▸ HOW TO COMPLETE THIS TASK:
Set down, exactly as written, the lines from the line holding "Strengthen Your Brand foreground image" to the end of the data, inclusive, skipping any pictures.

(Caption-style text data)

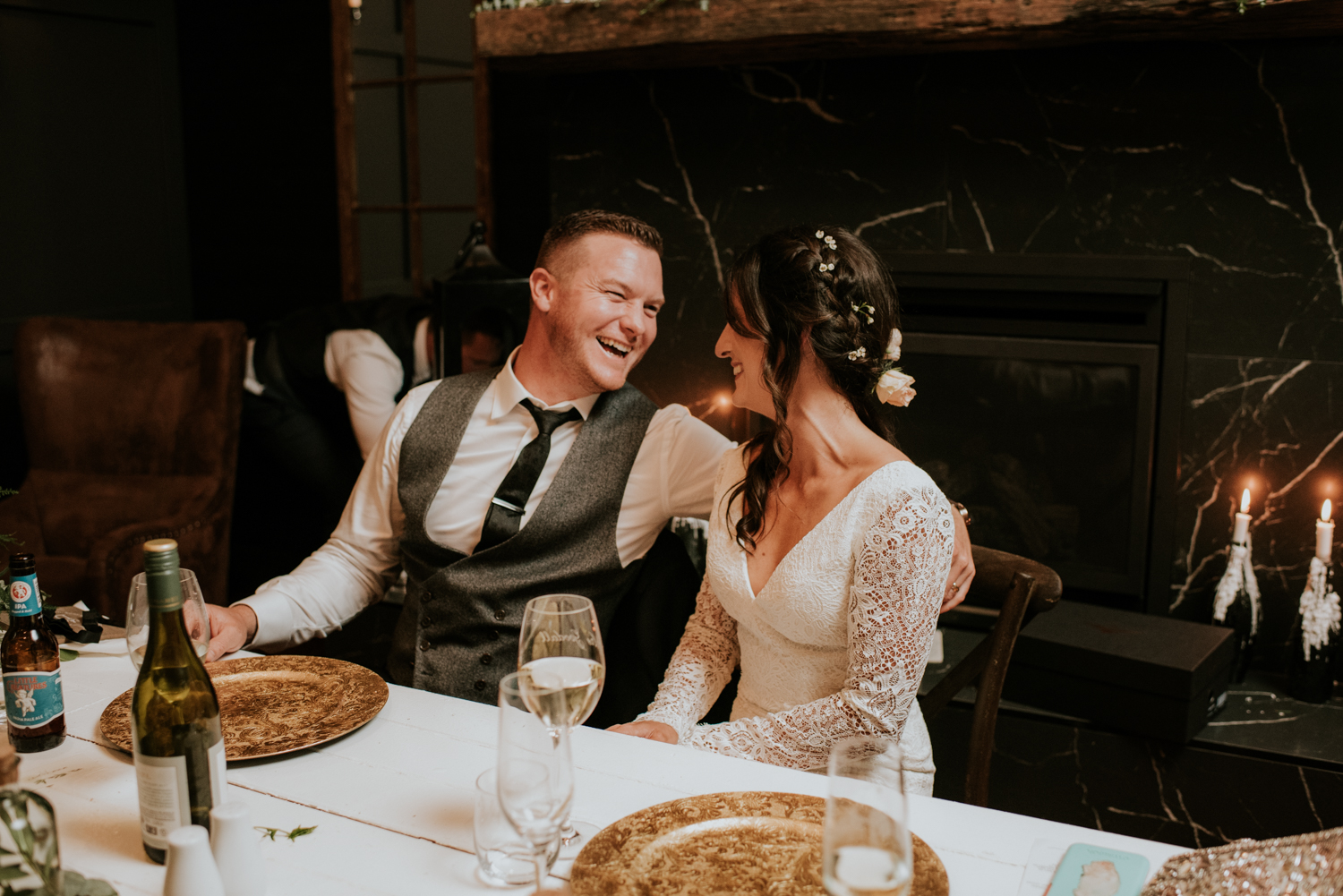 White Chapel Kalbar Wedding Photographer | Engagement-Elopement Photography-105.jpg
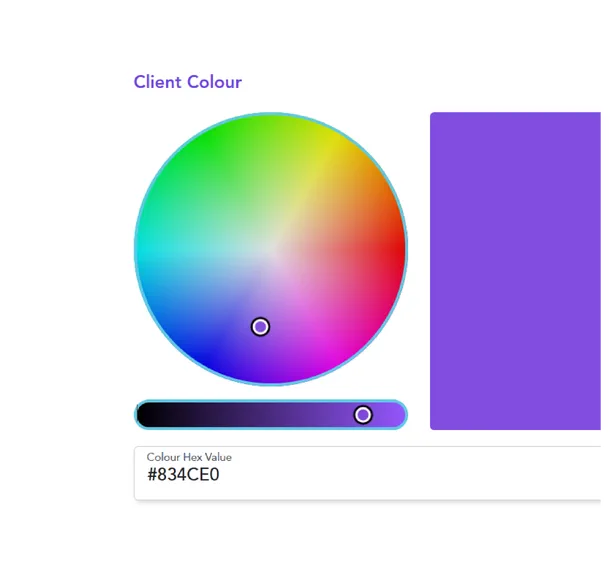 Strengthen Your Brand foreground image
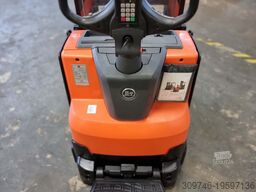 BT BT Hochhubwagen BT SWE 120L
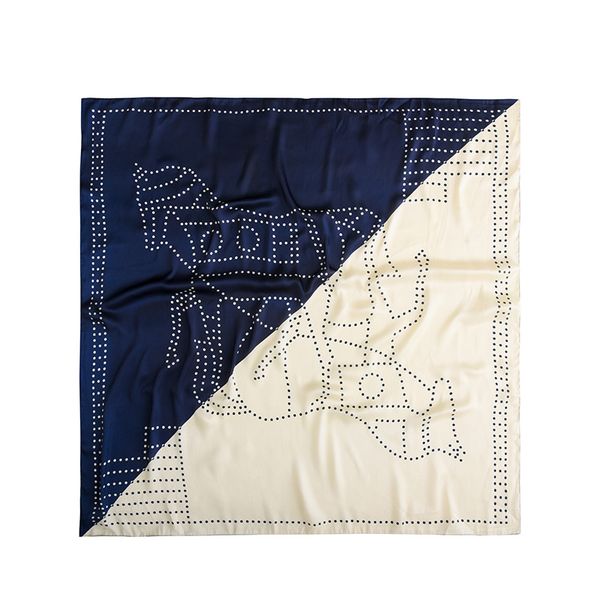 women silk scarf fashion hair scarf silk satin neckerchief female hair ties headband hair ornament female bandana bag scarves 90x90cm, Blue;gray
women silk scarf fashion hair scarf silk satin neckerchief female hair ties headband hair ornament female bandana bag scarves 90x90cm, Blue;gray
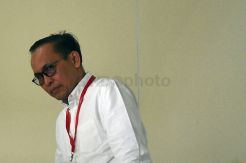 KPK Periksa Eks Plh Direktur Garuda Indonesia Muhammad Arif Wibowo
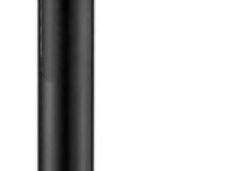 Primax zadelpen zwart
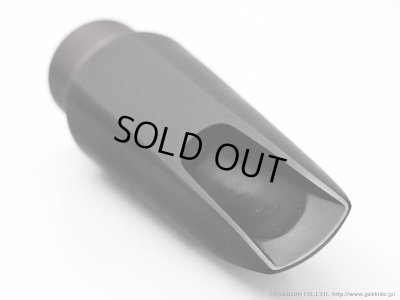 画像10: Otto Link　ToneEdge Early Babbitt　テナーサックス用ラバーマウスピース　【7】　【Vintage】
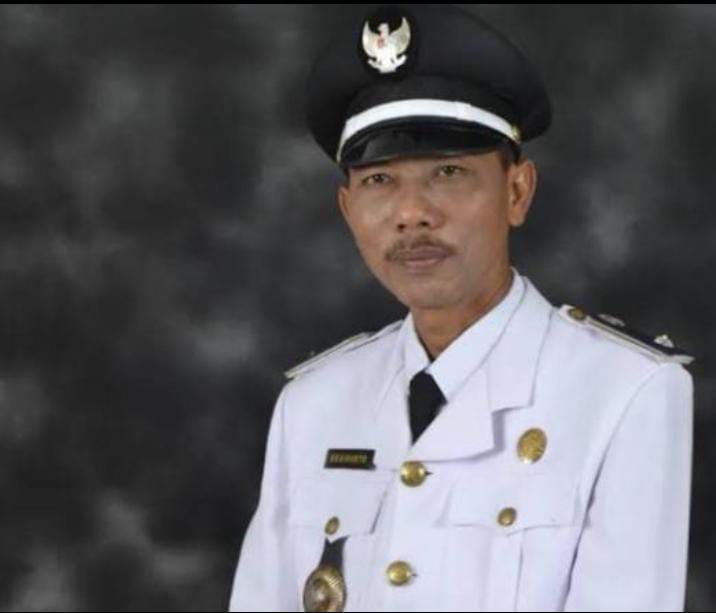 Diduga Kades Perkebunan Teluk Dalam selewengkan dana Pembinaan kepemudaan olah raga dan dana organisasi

▸ EXERCISE RESULT:
 Strengthen Your Brand foreground image
 BT BT Hochhubwagen BT SWE 120L
 women silk scarf fashion hair scarf silk satin neckerchief female hair ties headband hair ornament female bandana bag scarves 90x90cm, Blue;gray
women silk scarf fashion hair scarf silk satin neckerchief female hair ties headband hair ornament female bandana bag scarves 90x90cm, Blue;gray
 KPK Periksa Eks Plh Direktur Garuda Indonesia Muhammad Arif Wibowo
 Primax zadelpen zwart
 画像10: Otto Link　ToneEdge Early Babbitt　テナーサックス用ラバーマウスピース　【7】　【Vintage】
 Diduga Kades Perkebunan Teluk Dalam selewengkan dana Pembinaan kepemudaan olah raga dan dana organisasi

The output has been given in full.